**Task requirements**
Output, word for word, each line from the one with "2026 Mercedes Benz Unknown" through the end of the listing below, excluding every picture.

**Data block**
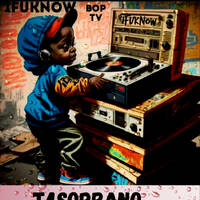 IFUKNOW BOP TV by T4soprano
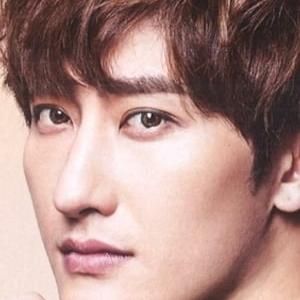 Photo of Zhou Mi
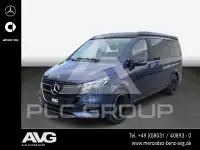 2026 Mercedes Benz Unknown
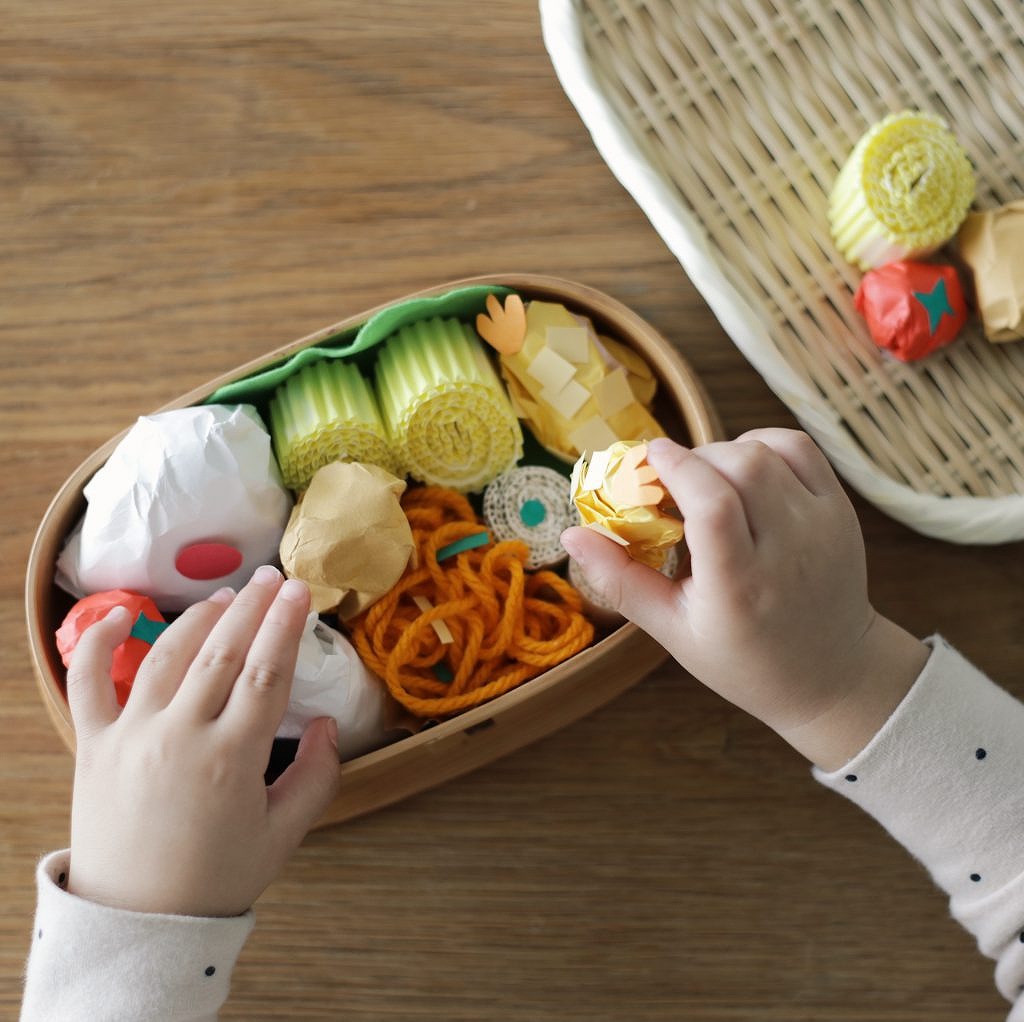 お店屋さんごっこ特集～ねらいの例・手作り食べ物・財布製作などまとめ～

**Written solution**
 2026 Mercedes Benz Unknown
 お店屋さんごっこ特集～ねらいの例・手作り食べ物・財布製作などまとめ～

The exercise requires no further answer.